Design and analysis of spectral tunable entangled photon sources based on PPLN crystal

The “quantum” system of optical radiation metrology based on spontaneous parametric down-conversion (SPDC) correlated photon sources and coincidence measurement technology has important applications in the field of extremely weak optical radiation detection. To acquire widely tunable entangled photon sources, 532 nm continuous laser was used to pump periodically poled LiNbO3 (PPLN) crystal. And 676 nm~2500 nm correlated photons were got by switching the crystal period and tuning the temperature. Firstly, the parameters such as polarization period, length and temperature control precision of PPLN crystal were made a theoretical study. Thus, the polarization period of PPLN crystals, the bandwidth distribution curve of the signal light in different wavelength, and temperature control precision curve of the different wavelength of signal light are further calculated.

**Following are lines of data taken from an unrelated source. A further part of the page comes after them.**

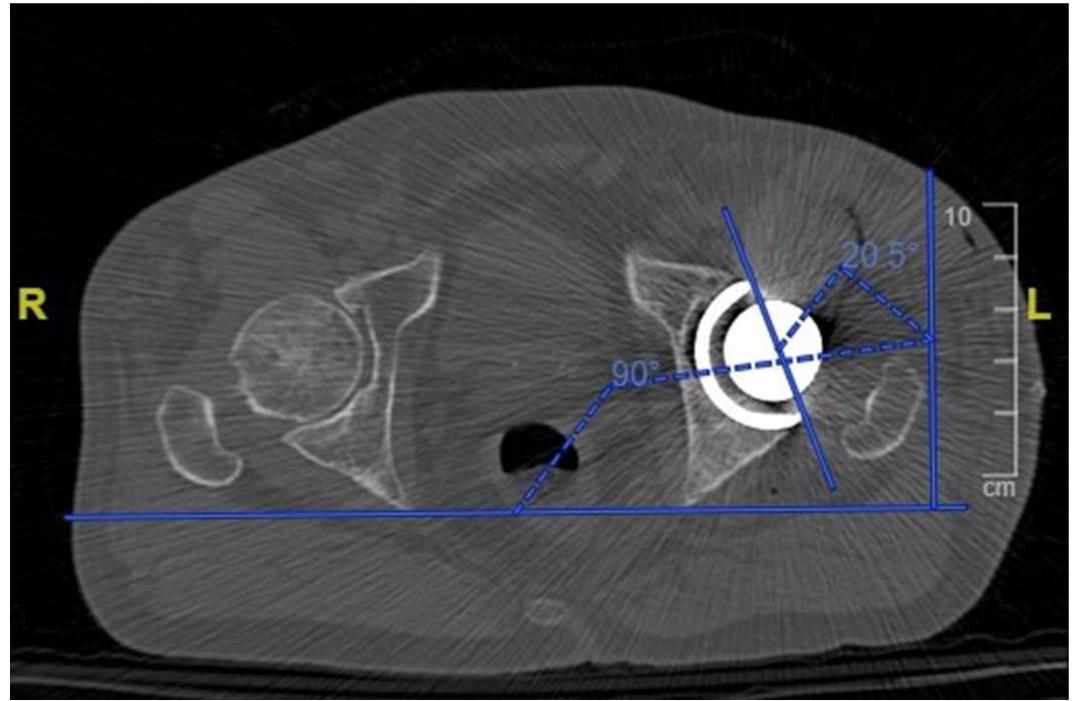 Measurement of the acetabular cup anteversion angle on a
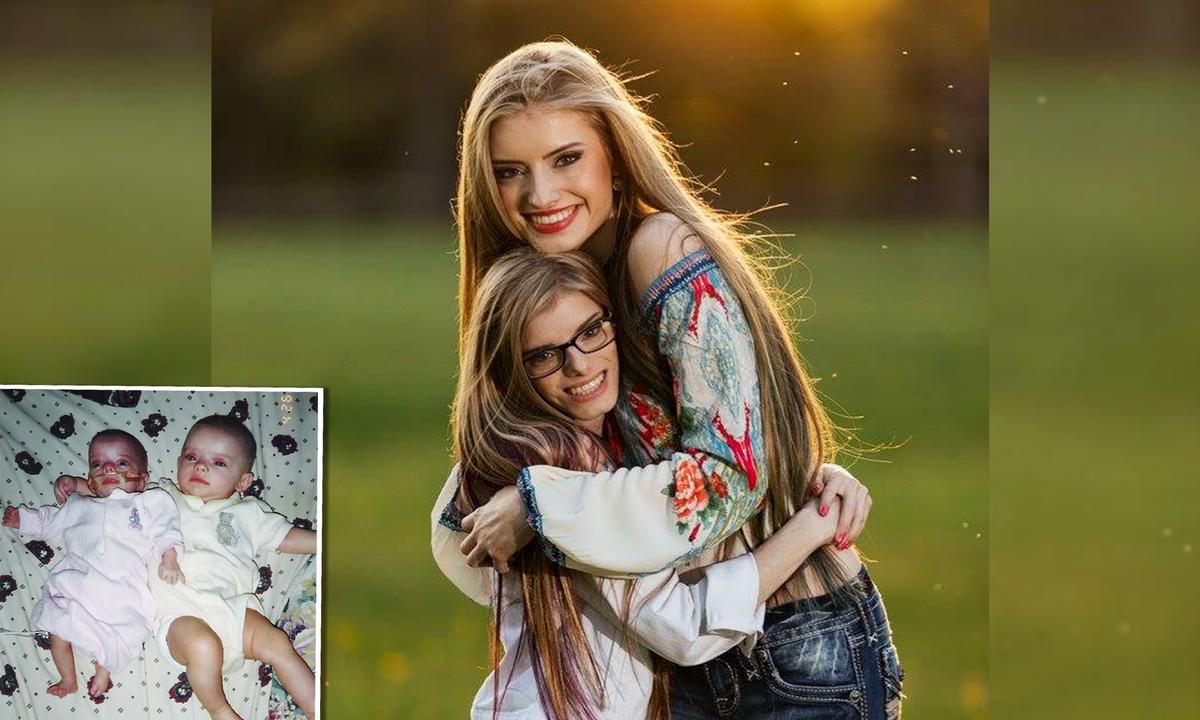 Identical Twin With Dwarfism Shares Special Bond With Protective Sister: ‘She’s My Best Friend’
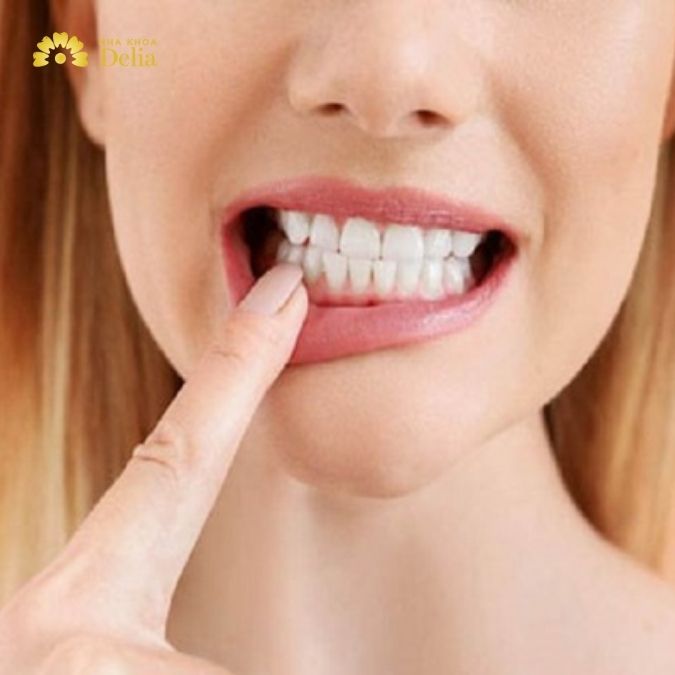 Răng vĩnh viễn bị lung lay có thể do nhiều nguyên nhân khác nhau gây ra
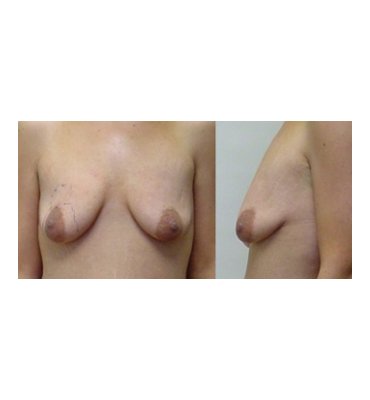 Breast Lift With Implants Before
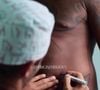 Davi Brito foi submetido a uma lipo LAD, queridinha de famosas como Gkay e Virgínia Fonseca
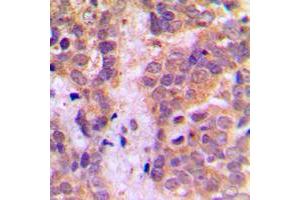 Immunohistochemical analysis of Caspase 9 staining in human breast cancer formalin fixed paraffin embedded tissue section. (Caspase 9 anticorps  (Center))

The results show that, the 676 nm~2500 nm correlated photon can be got by using 9 PPLN crystals in the temperature range of 50°C~200°C. The bandwidth of the signal light has negative correlation with the crystal length; The temperature control precision of PPLN crystals was from 3.96°C to 7.64°C, and the temperature control precision requires more higher with the increase of signal light wavelength. The research results will lay a foundation for the design of high-throughput wide-spectrum tunable entangled photon sources.